Naquela manhã, quando cheguei à igreja da Mealhada, fui a última vez que estive com ele. Era habitual encontrá-lo ali, quer nas celebrações, quer durante o dia, em oração. Quando vinha passar umas temporadas com filha, sobretudo depois do falecimento da sua Lidinha, fez em fevereiro passado quatro anos, quase diariamente ia ao cemitério «visitá-la» e depois passava pela igreja para rezar.

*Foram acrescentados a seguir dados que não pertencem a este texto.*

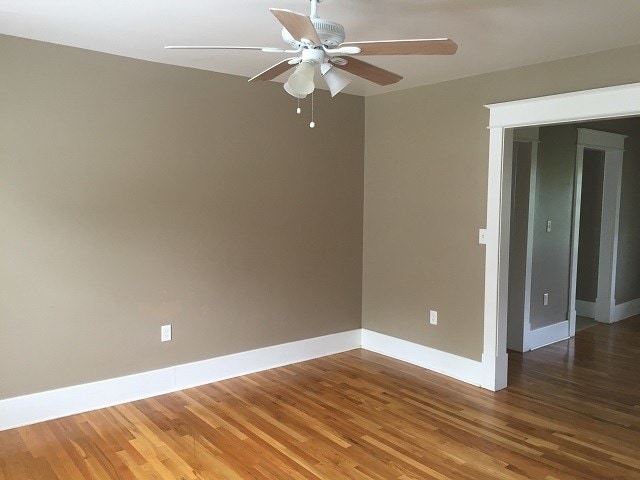 Building Photo - 2500 Kavanaugh Blvd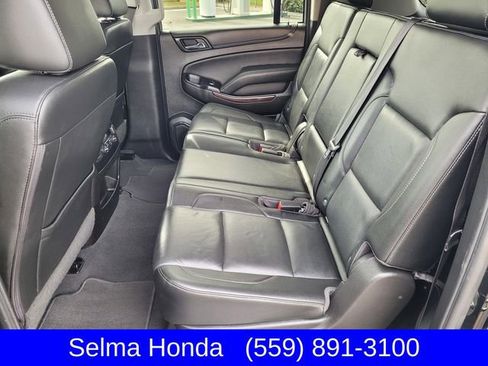Used 2019 GMC Yukon XL SLT image 8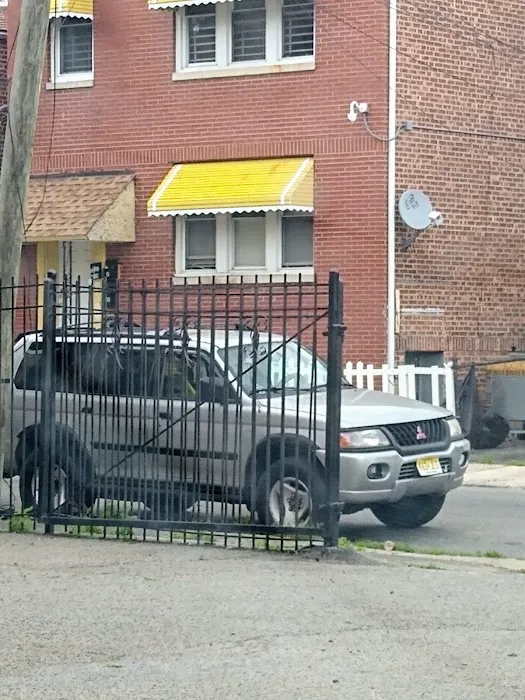 White Castle Picture 1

Nesse dia, ali estava ele, diante do Sacrário, concentrado, com uma postura corporal de reverência e recolhimento, em oração. Passei por perto, em direção à sacristia, e ele, reparando, disse-me:

- Bom dia, senhor padre Rodolfo!

- Bom dia, senhor Augusto!

- Desculpe, nem o ouvi entrar. Cada vez estou a ouvir pior. A si, ainda o consigo ouvi-lo bem, porque fala alto, mas às outras pessoas é mais difícil percebê-las.

Sorri e sosseguei-o, dizendo-lhe, com certo humor, que, por vezes, até é bom ouvir mal, pois não ficamos incomodados, com alguns disparates que os outros nos dizem. Ele sorriu, simpaticamente, como lhe era característico. Disse-me, então:

- Já fui ao cemitério, visitar a minha Lidinha, e agora estou aqui um pouco, junto de Jesus. A Ele, consigo ouvi-Lo bem. Sabe!? Temos todos de saber ouvir bem o que Deus nos diz, porque Ele pode chamar-nos e nós não darmos por ela. Temos de estar sempre alerta e preparados.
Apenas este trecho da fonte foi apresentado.